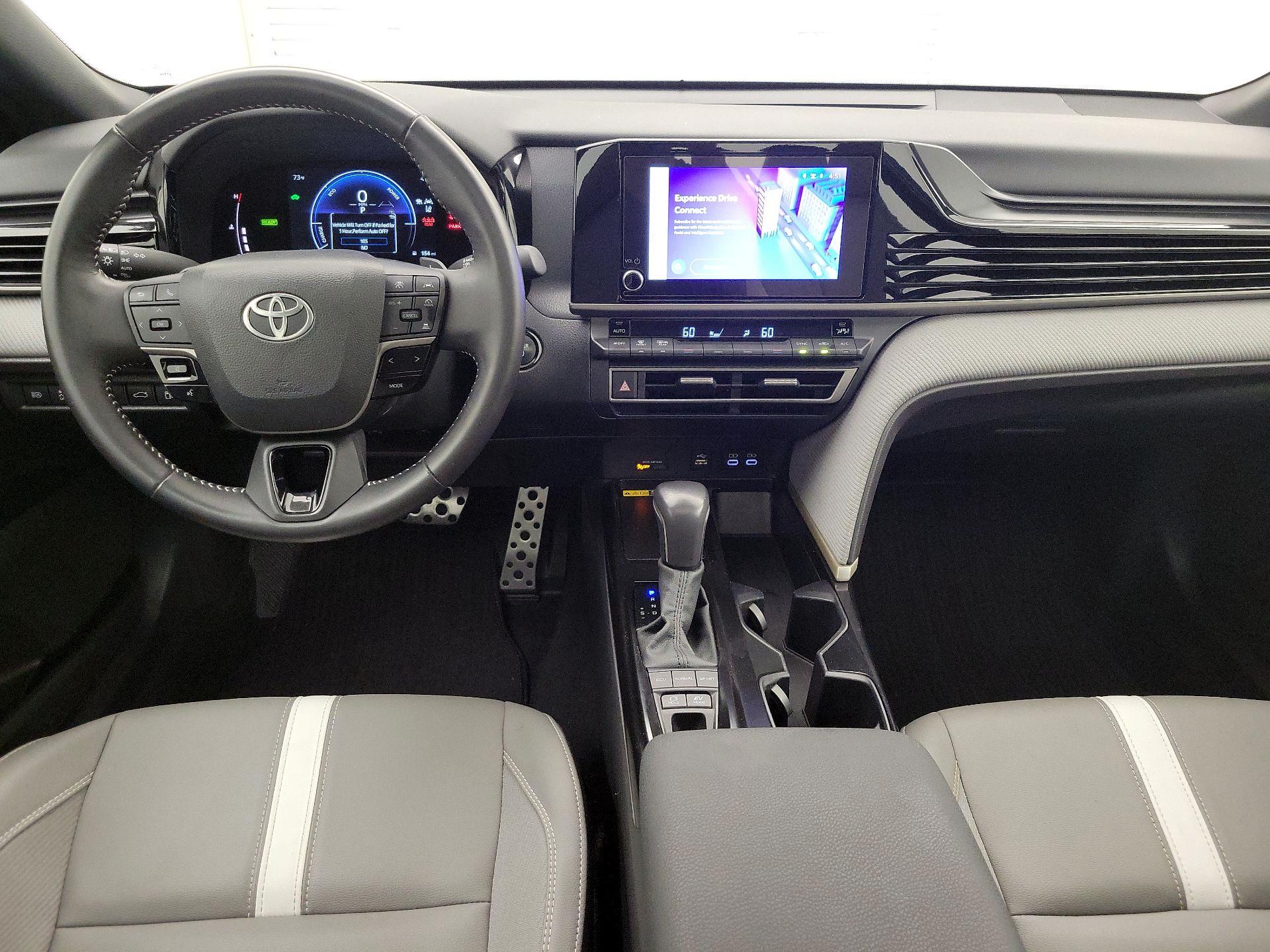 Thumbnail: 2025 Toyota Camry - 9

________________________

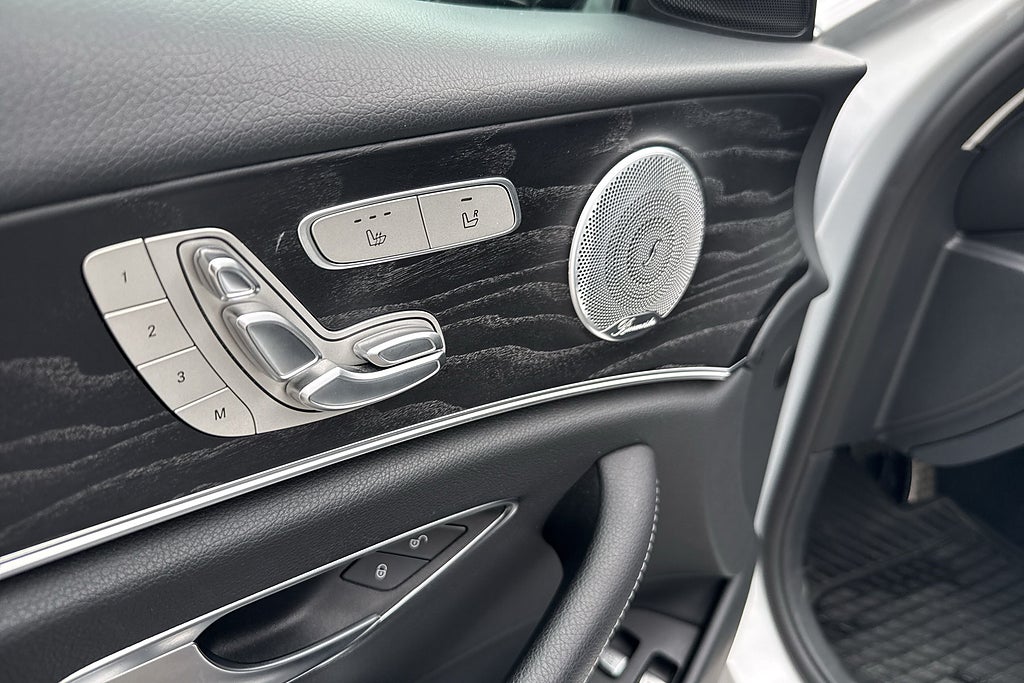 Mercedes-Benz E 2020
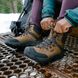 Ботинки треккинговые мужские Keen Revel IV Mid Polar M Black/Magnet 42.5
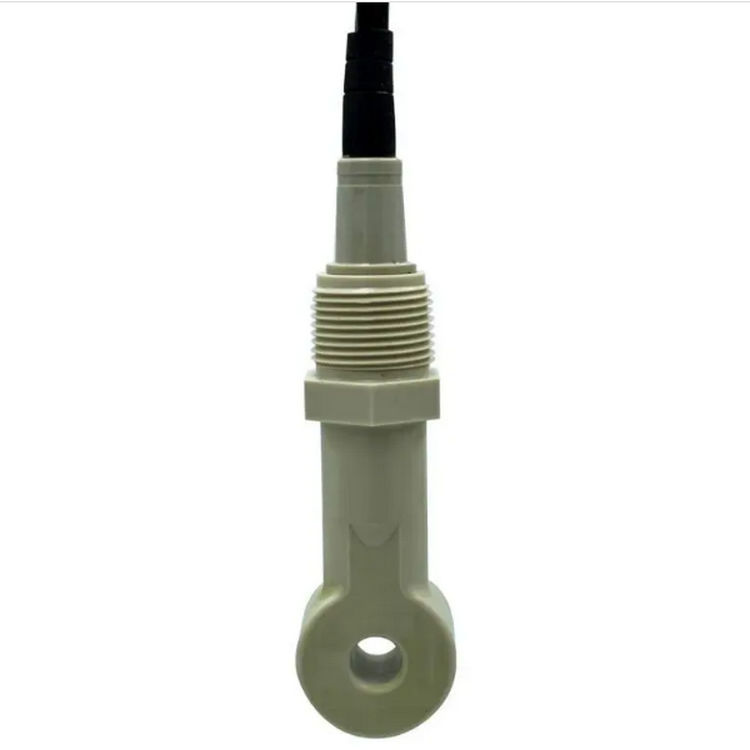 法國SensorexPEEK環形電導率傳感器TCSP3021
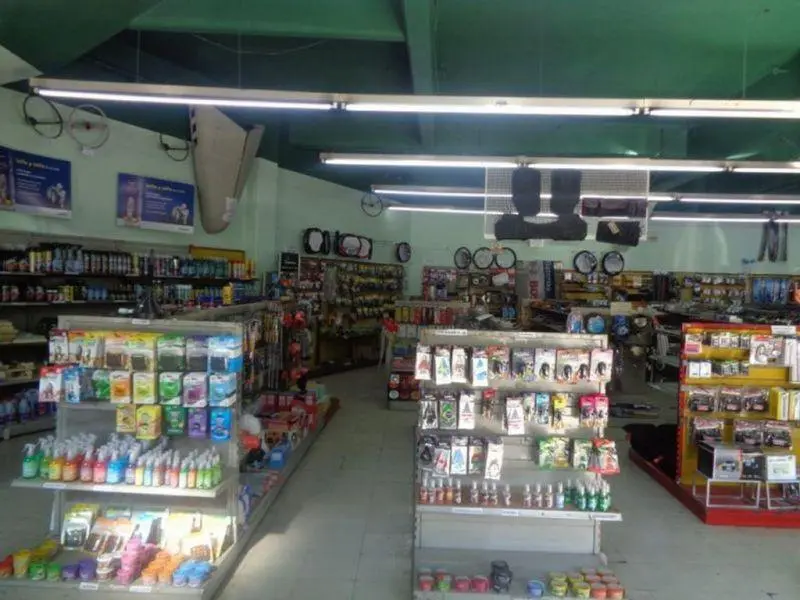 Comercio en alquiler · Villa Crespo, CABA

________________________

Work order:
Beginning with the line above that has "Ботинки треккинговые мужские" and going on through the line that has "Comercio en alquiler · Villa Crespo, CABA", retype every line exactly and add nothing else; drop the pictures.

Response below:
 Ботинки треккинговые мужские Keen Revel IV Mid Polar M Black/Magnet 42.5
 法國SensorexPEEK環形電導率傳感器TCSP3021
 Comercio en alquiler · Villa Crespo, CABA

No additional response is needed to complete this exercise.